Voyez Hamlet, c’est tout un monde immense. Je doute qu’on ait jamais fait quelque chose de plus grand. Mais que voulez-vous qu’un écolier y prenne ? Comment saisira-t-il ces fantômes d’idées plus insaisissables que le fantôme errant sur l’esplanade d’Elseneur ? Comment se débrouillera-t-il dans le chaos de ces images, aussi incertaines que les nuées dont le jeune mélancolique montre à Polonius les formes changeantes ? Toute la littérature anglaise, si poétique et si profonde, offre de semblables complexités et une telle confusion. J’en dirai autant de la littérature allemande, pour toutes les parties qui n’ont été inspirées ni par Rome ni par la France. Je relisais hier le Faust de Goethe, le premier Faust, dans la belle traduction, aujourd’hui sous presse, de M. Camille Benoit. C’est un riche magasin d’idées et de sentiments ; c’est mieux encore : c’est un laboratoire où la substance humaine est mise au creuset. Pourtant, que de brumes dans cette œuvre du plus lumineux génie de toute la Germanie ! On y marche à tâtons par des sentiers tortueux, le regard aveuglé de météores. Cela non plus ne sera jamais classique pour nous. Maintenant, ouvrez les histoires de Tite-Live. Là tout est ordonné, lumineux, simple ; Tite-Live, ce n’est pas un génie profond ; c’est un parfait pédagogue. Il ne nous trouble jamais ; c’est pourquoi nous le lisons sans vif plaisir. Mais comme il pense régulièrement ! Qu’il est aisé de démontrer sa pensée, d’en examiner à part toutes les pièces et d’expliquer le jeu de chacune. Voilà pour la forme. Quant au fond même, qu’y trouve-t-on ? Des leçons de patriotisme, de courage et de dévouement, la religion des ancêtres, le culte de la patrie. Voilà un classique ! Je ne parle pas des Grecs. Ils sont la fleur et le parfum. Ils ont plus que la vertu, ils ont le goût ! J’entends ce goût souverain, cette harmonie qui naît de la sagesse. Mais il faut convenir qu’ils ont toujours tenu peu de place dans les programmes du baccalauréat.

Et voici que le latin est devenu, dans nos lycées, semblable au grec.

Voici qu’il n’est plus qu’une vaine ombre, jouet d’un souffle léger.

L’enseignement secondaire se dépouillera de plus en plus de cette incomparable splendeur qu’il tirait de son apparente inutilité. Puisque cette transformation est nécessaire, puisqu’elle correspond au changement des mœurs, il ne serait pas bien philosophique de s’en affliger outre mesure.
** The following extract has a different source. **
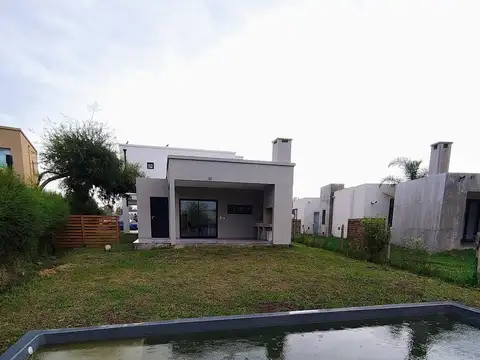 Hermosa casa a estrenar de 4 ambientes en 2 plantas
Si je suis inconsolable, la raison me donne tort ; la nature n’est jamais du parti des inconsolables. C’est toujours une attitude un peu sotte que celle de bouder l’avenir. Les nations ont l’instinct de ce qui leur est convenable et la France nouvelle trouvera peut-être l’enseignement dont elle a besoin pour ses enfants. Et nous autres, cependant, si ce plaisir égoïste nous est permis, nous nous réjouirons d’avoir été appelés les derniers au banquet des Muses et nous murmurerons ces vers d’un docte poète, Frédéric Plessis, en nous refusant toutefois, par un sentiment pieux, à croire à l’entier accomplissement de la menace prophétique qu’ils contiennent :

Les siècles rediront que, d’Athène et de Rome,
Au stérile Occident l’art fécond est venu,
Et ceux qu’autour de nous la voix du jour renomme
Périront dès demain pour l’avoir méconnu.
Dans la route banale où leur foule s’engage
Ils trouvent la fortune et l’applaudissement ;
Mais la noble pensée et le noble langage
Par eux ne seront pas foulés impunément.

Propos de rentrée : la terre et la langue28.
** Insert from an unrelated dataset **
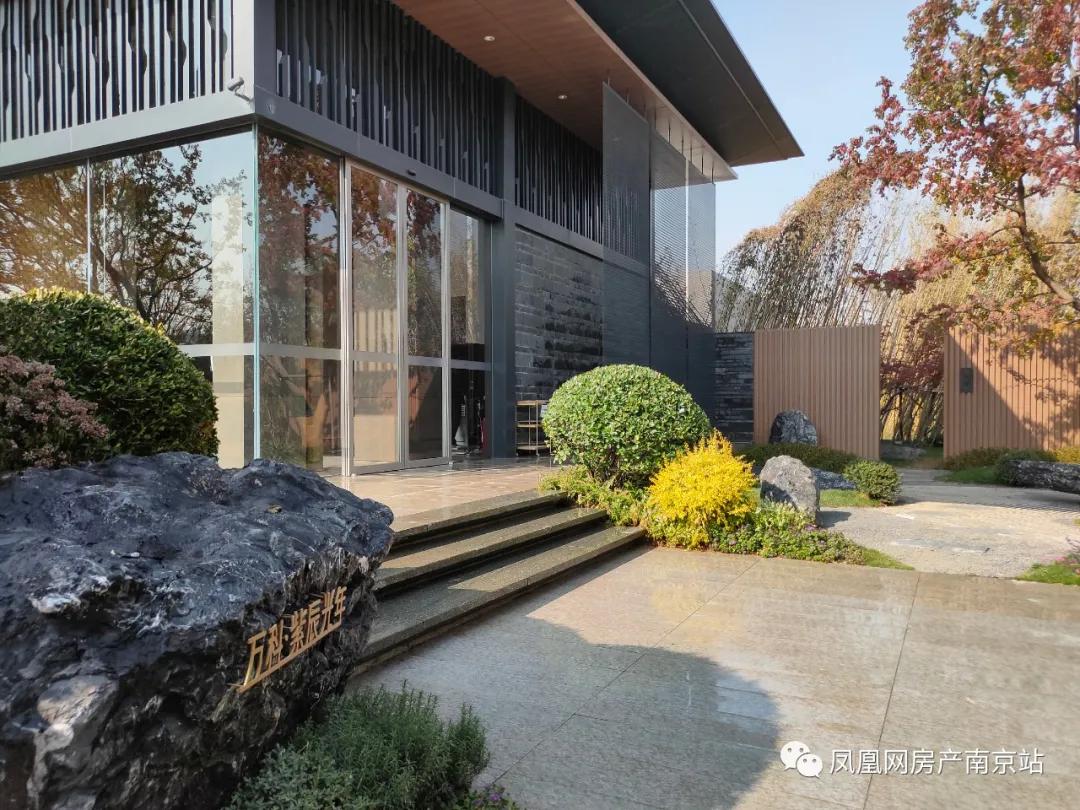 小区的开心农场,小区住户在院内玩开心农场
Les premières bises de l’hiver nous chassent vers la ville. Les jours se font courts et brumeux. Pendant que j’écris, au coin du feu, dans la maison isolée, la lune se lève, toute rouge, au bout de l’allée que jonchent les feuilles mortes. Tout se tait. Une immense tristesse s’étend à l’horizon : Adieu les longs soleils, les heures lumineuses et chantantes ! Adieu les champs et leur clair repos ! Adieu la terre, la belle terre fleurie, la terre maternelle de laquelle nous sortons tous pour y rentrer un jour !

À la veille du départ, quand déjà les malles sont faites et les sacs bouclés, je n’ai sous la main, dans la demeure attristée, qu’un seul volume, et tout mince. C’est par aventure que ce petit volume est resté là, sur la cheminée. Le hasard est mon intendant. Je lui laisse le soin de mes biens et le gouvernement de ma fortune. Il me vole souvent, mais le coquin a de l’esprit : il m’amuse et je lui pardonne. D’ailleurs, si mal qu’il fasse, je ferais plus mal encore. Je lui dois quelques bonnes affaires. C’est un serviteur plein de ressources, et d’une fantaisie charmante. Il ne me donne jamais ce que je lui demande. Je ne m’en fâche pas, en considérant que les hommes ne forment guère que des vœux imprudents et qu’ils ne sont jamais si malheureux que quand ils obtiennent ce qu’ils demandent. « Tu n’es devenu misérable, dit Créon à Oedipe, que pour avoir fait toujours ta volonté. » Hasard, mon intendant, ne fait point la mienne. Je le soupçonne d’être plus avant que moi dans les secrets de la destinée. Je me fie à lui, en mépris de la sagesse humaine.

Pour cette fois, au moins, il m’a bien servi en laissant, ce soir, à la portée de mon bras ce petit volume jaune que j’avais déjà lu avec une certaine émotion intellectuelle, cet été, et qui est tout à fait en harmonie avec mes songeries de ce soir, car il parle du langage et je songe à la terre.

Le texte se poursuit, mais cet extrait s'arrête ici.